Learn to build scalable event-driven architecture with NestJS, Redis & TypeScript. Master domain events, CQRS, event sourcing & distributed systems.

Complete Event-Driven Architecture Guide: NestJS, Redis, TypeScript Implementation with CQRS Patterns

Here’s my perspective on building event-driven systems with NestJS and Redis, drawn from practical experience:

I’ve seen too many systems crumble under load because of tight coupling. That’s why event-driven architecture caught my attention - it solves real-world scalability challenges. When services communicate through events rather than direct calls, you gain resilience.
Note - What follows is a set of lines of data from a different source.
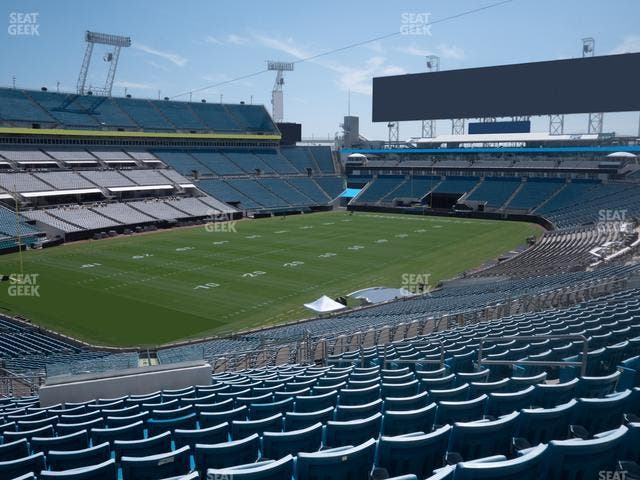 EverBank Stadium - Section 217 Seat View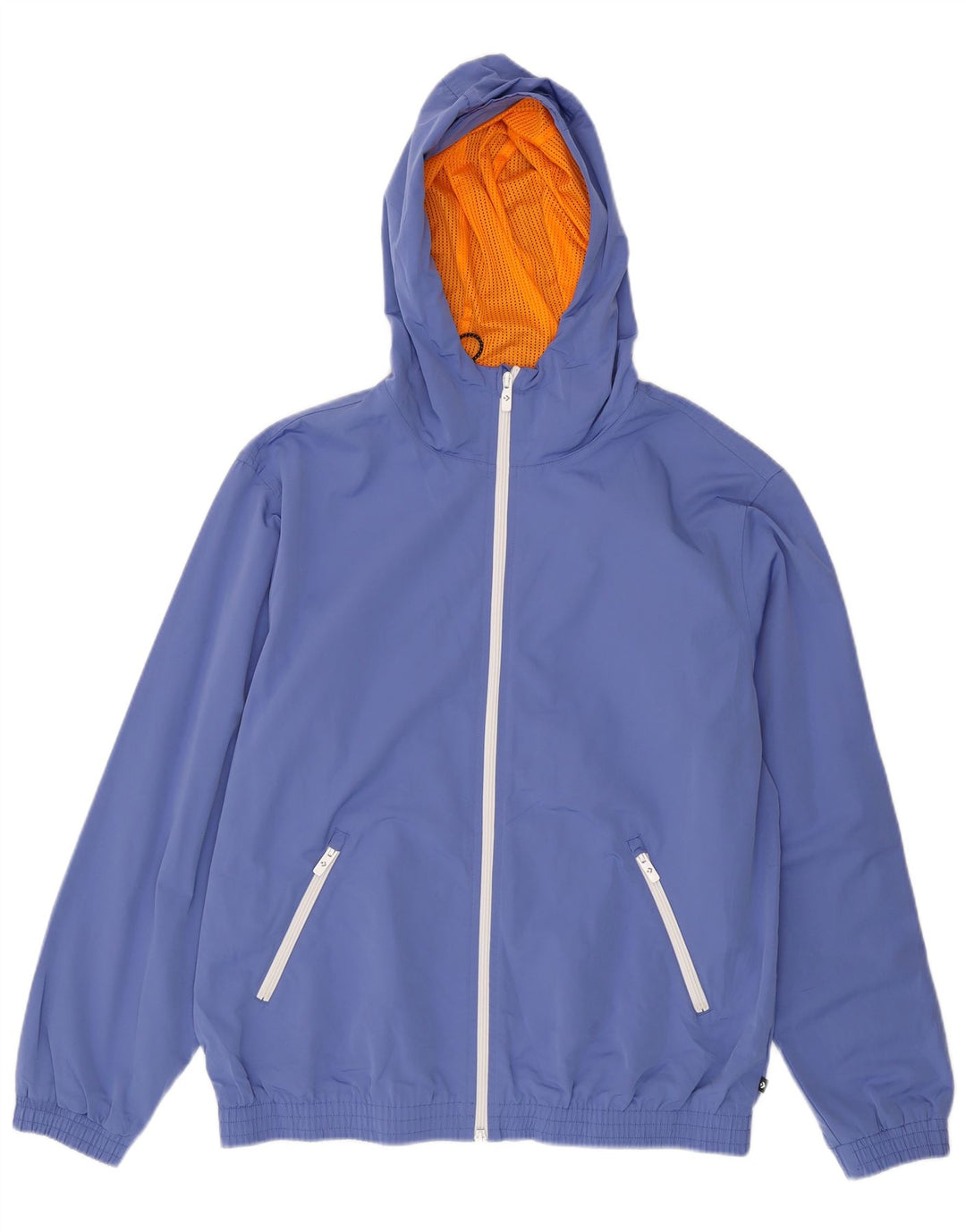 Converse Herren-Trainingsanzugoberteil mit grafischer Kapuze, groß, blau, Farbblock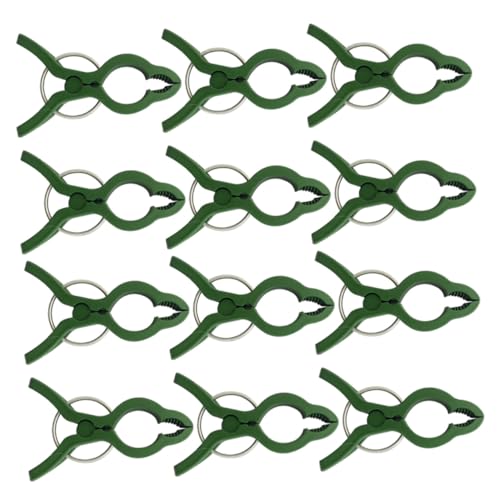 YARNOW 25 Stück Pflanzenclips aus Grünem Kunststoff Stabile Befestigungsklammern für Gartenpflanzen Vielseitige Rankhilfen für Blumen und Orchideen Praktisches Pflanzenfixieren im Garten YARNOW 25 Stück Pflanzenclips aus Grünem Kunststoff Stabile Befestigungsklammern für Gartenpflanzen Vielseitige Rankhilfen für Blumen und Orchideen Praktisches Pflanzenfixieren im Garten von YARNOW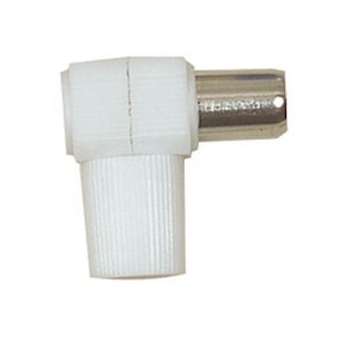 Fiche plastique '9,52' mâle coudée 90DEG- Blanche|Tonna-TOQ384050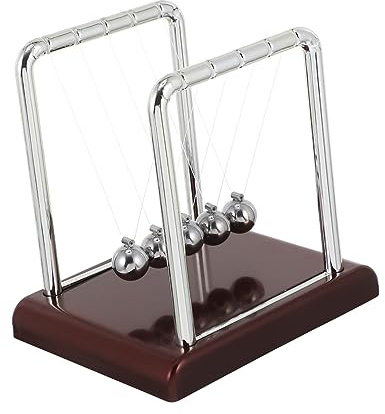 Alasum Pendule De Newton à Billes Jouet De Bureau pour Démonstration Physique Décoration Intérieur avec Mouvement Perpétuel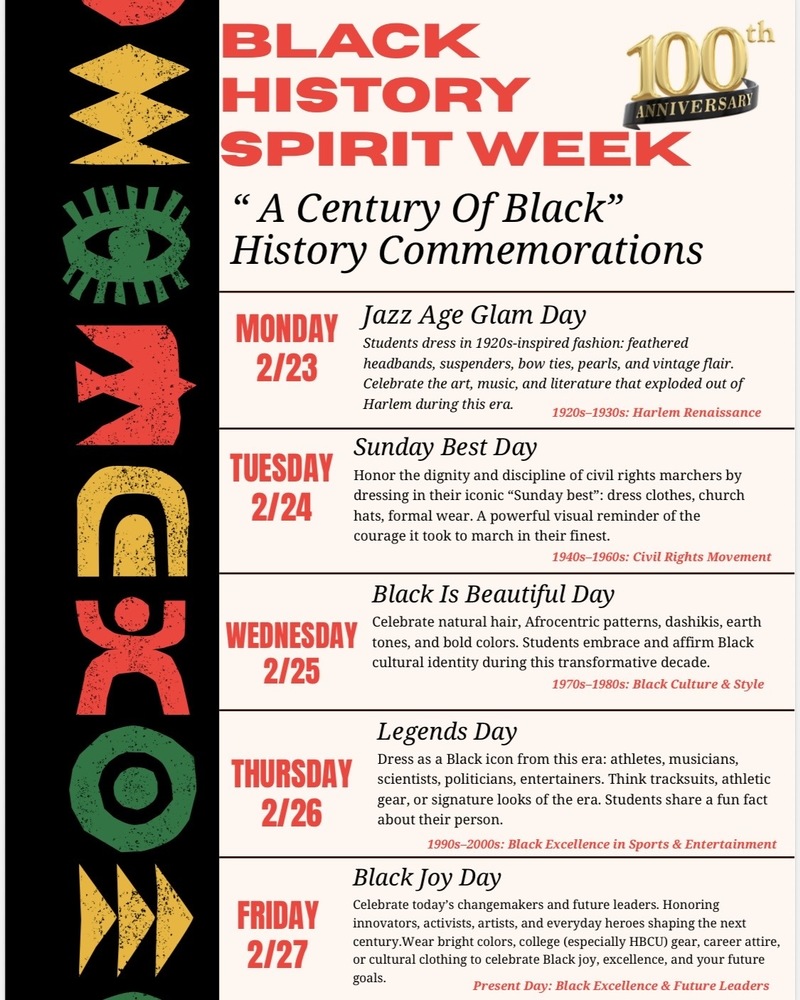 Black History Spirit Week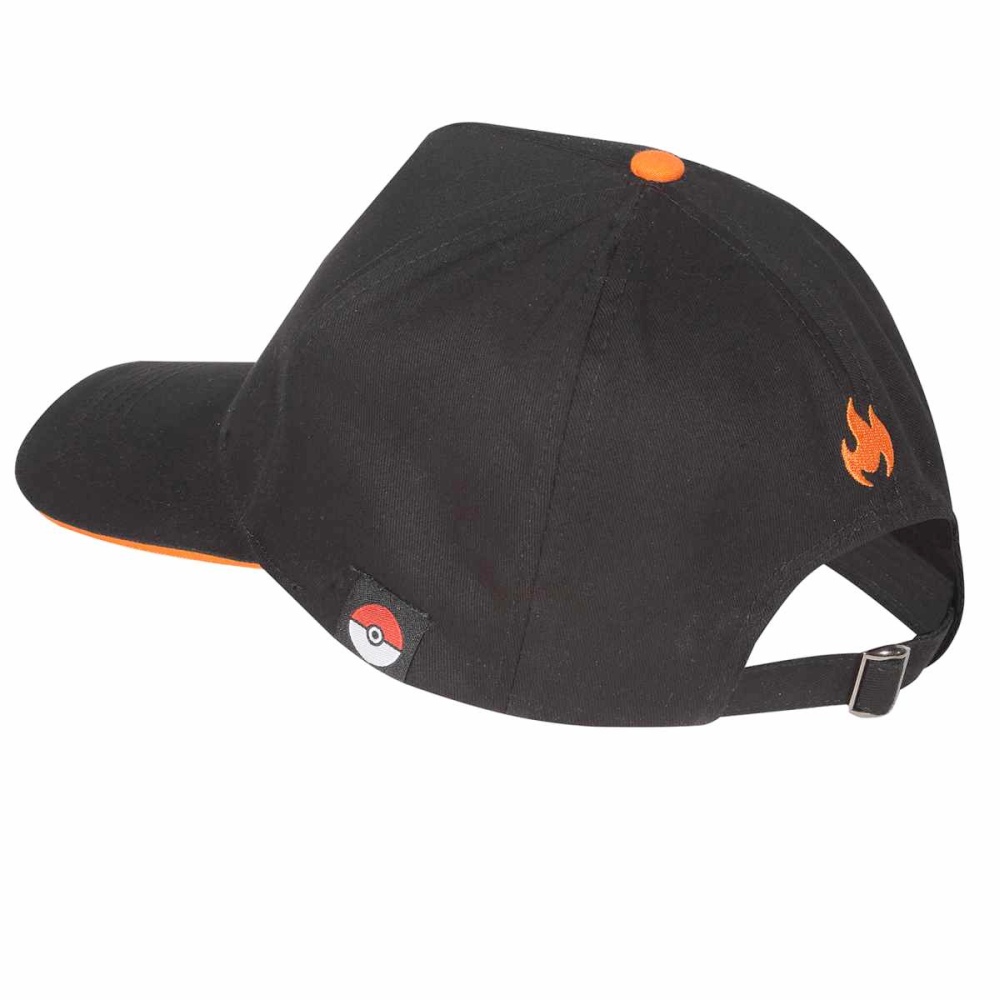 Pokémon - Charmander Badge Casquette de baseball - Noir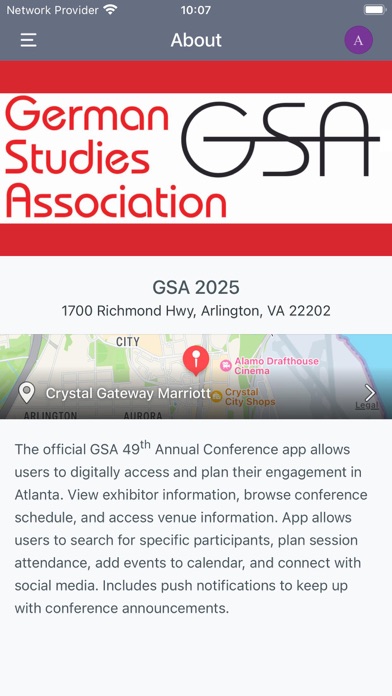 GSA Conference 2025 Screenshot
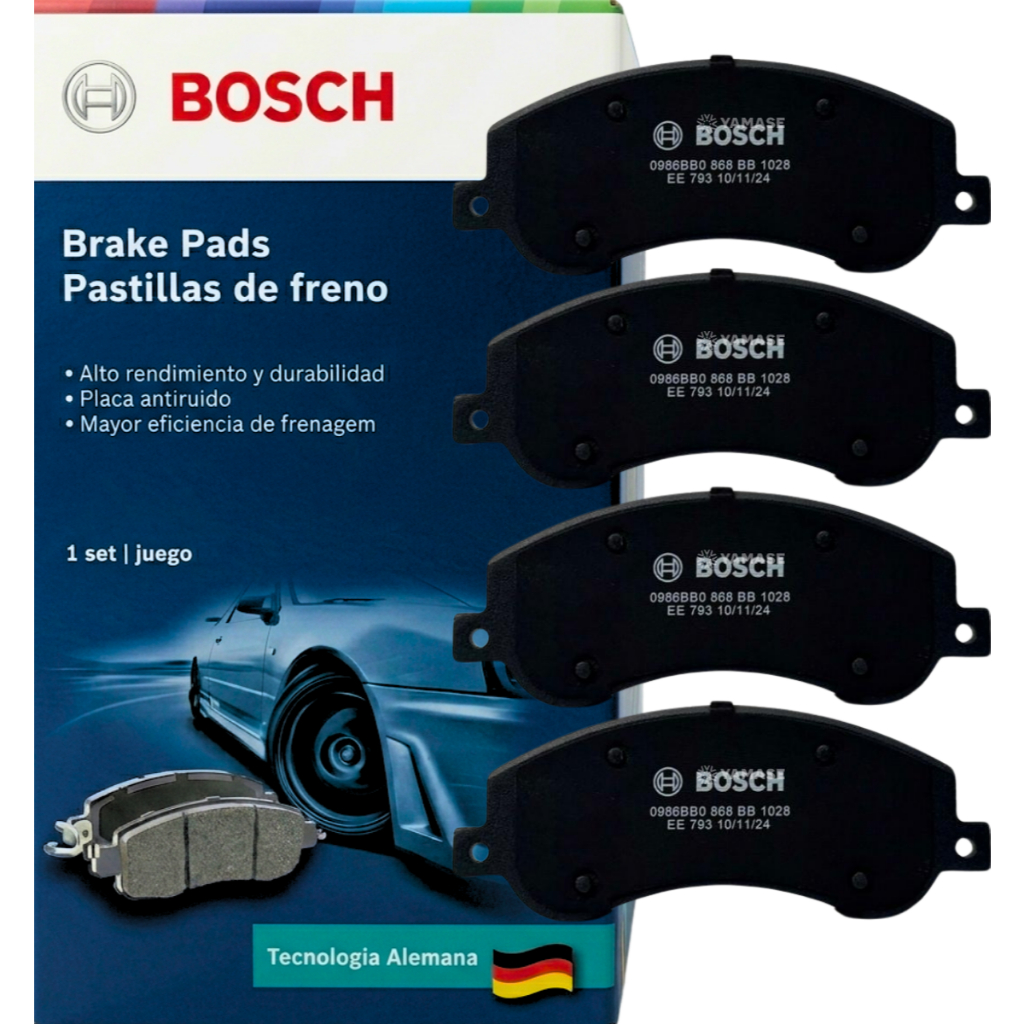 Jg Pastilha De Freio Dianteira Bosch Vw Amarok 2010 Até 2018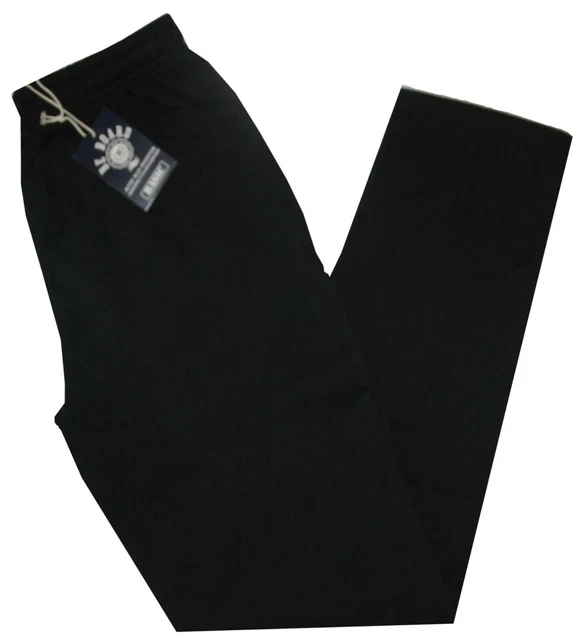 PANTALONE UOMO FELPA tuta invernale taglie S M L XL XXL 3XL  Nero  Be Board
Let me show you how we can implement this properly.

First, we establish our foundation. We’ll use Redis as our event store - it’s fast, persistent, and supports the patterns we need. Our core infrastructure starts with defining what an event actually is:

// Base event structure
export abstract class DomainEvent {
  public readonly id: string;
  public readonly occurredAt: Date;
  
  constructor(
    public readonly aggregateId: string,
    public readonly eventType: string,
    public readonly data: any
  ) {
    this.id = uuidv4();
    this.occurredAt = new Date();
  }
}

Why does this matter? Because strong typing prevents entire categories of errors. Notice how we’re capturing the exact moment something happened - this becomes crucial for debugging later. How often have you struggled to reproduce timing-related bugs?

Now let’s connect to Redis:

// Redis configuration
const redis = new Redis({
  host: process.env.REDIS_HOST,
  port: parseInt(process.env.REDIS_PORT),
  retryStrategy: (times) => Math.min(times * 100, 3000)
});

This configuration handles network blips gracefully. The retry strategy prevents cascading failures during temporary outages. Ever had a single timeout bring down your entire system? We’re avoiding that from the start.

For actual event storage, we use multiple indexes:

// Saving events with multiple access paths
async saveEvent(event: DomainEvent) {
  await redis.multi()
    .hset(`events:${event.id}`, { ...event })
    .zadd(`aggregate:${event.aggregateId}`, event.occurredAt.getTime(), event.id)
    .zadd(`type:${event.eventType}`, event.occurredAt.getTime(), event.id)
    .exec();
}

Notice we’re storing events by ID, by aggregate (like a user), and by event type. This lets us retrieve events through different lenses later. What if you need to replay all events for a specific user? Or find every “order_created” event? The indexes make it efficient.

Now let’s publish events from our services:

// Publishing in a service
async createUser(userDto: CreateUserDto) {
  const user = await this.usersRepository.create(userDto);
  
  // Publish after successful creation
  this.eventBus.publish(new UserCreatedEvent(user.id, {
    email: user.email,
    createdAt: user.createdAt
  }));
  
  return user;
}

The key here? We’re publishing after the database commit succeeds. Never before. This prevents consumers from acting on events that didn’t actually persist. How many times have you seen systems where events fire but the transaction rolls back?

On the consumption side, we need reliability:

// Event handler with retries
@EventHandler(UserCreatedEvent)
async handleUserCreated(event: UserCreatedEvent) {
  try {
    await this.mailService.sendWelcomeEmail(event.data.email);
  } catch (error) {
    // Exponential backoff
    await this.retryService.scheduleRetry(event, 3, 1000);
  }
}

This pattern handles transient failures gracefully. If the email service is down, we’ll retry with increasing delays. We’re also limiting retry attempts - after three failures, we’d move the event to a dead-letter queue for investigation.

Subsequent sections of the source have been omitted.